A Spam filter looks at the body of an email and uses a set of rules to decide whether or not it is spam. For example, if the email has the word "Viagra" in it – it is spam.
How is it different than a Spam Blocker?
A spam blocker looks at the header (eg, To :, From :, IP Address, etc.) and based on a list of known spam header attributes, decides whether or not it is spam. For example, if the email comes from a known spam address – it is spam.
You can see that spam filters and spam blockers do the same thing in different ways.
Why you need a software solution
Not too long ago, it was pretty simple: you could look at an email and tell it was spam. So you'd just click the delete key and move on.

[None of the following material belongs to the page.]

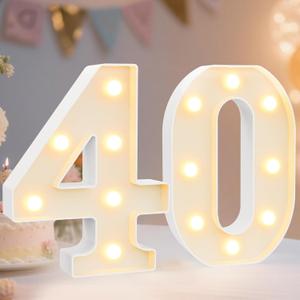 Pooqla 40th Birthday Decorations for Her Him, Light Up Number 40 for Party Table Decorations, 40th Birthday Gift for Women Men, Backdrop Wall Decor for 40th Wedding Anniversary Decoration (8.86 in)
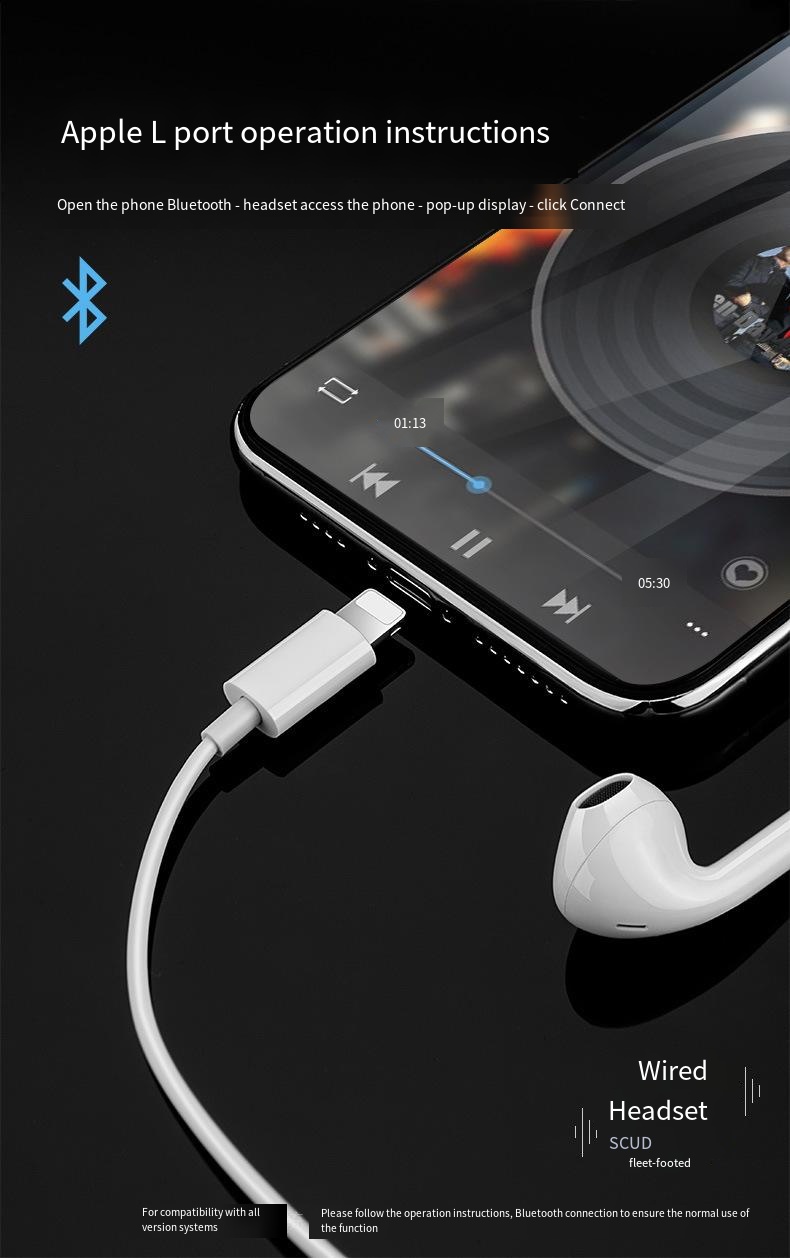 The wire control headset is suitable for Apple TYPE-C Android 3.5mm mobile phones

But a couple of things happened.
- The volume of email increased;
- The percentage of those emails that was spam increased
The solution was straightforward: use automated software to scan the emails and calculate a score for each one. The higher the score, the more likely it is to be spam. If the score is high enough, move the spam to the "spam" folder or the "Junk" folder.
The spammers responded by doing one or more of the following:
- Disguising words that made the score too high
- Adding a flood of neutral (or even gibberish) words to throw off the score ..
- … and more.
Suddenly, sending out lists of spam keywords became impractical; a better system was developed. Something had to be done.
Bayesian filtering: The indispensable tool
This kind of spam filter calculates a score but it also gets smarter the more you use it.
Here's how it works:
Imagine that you open your email inbox. You see some email that you suspect is spam, but you're not sure. So you open it and, sure enough, it is spam.
Now also imagine that you have anti spam software that uses a Bayesian filter.
Here's what you do next:
For the first piece of spam, you click a button. The anti spam software "reads" the email and remembers certain characteristics. Then it deletes it.
Then you open the next suspicious email. It's different than the first one, but it is still spam, so you click the button again. The anti spam software examines this piece of spam and adds its characteristics to the list. Next time another piece of email comes in with those characteristics – straight to the Junk folder.
Do this for every piece of email that you suspect is spam. The more you do it, the more detailed your list of spam-characteristics gets. Pretty soon the list is detailed enough that the anti spam software can predict – on its own – when an email is spam. It can then move that spam to the Junk folder all by itself. You do not have to be involved.
I have simplified the process to make it easy to understand. In practice, the anti spam filter can look at a lot of different characteristics:
- Words in the body of the message,
- HTML code (like colors)
- Pairs of words,
- Where the words appear in relation to other words
- … and more.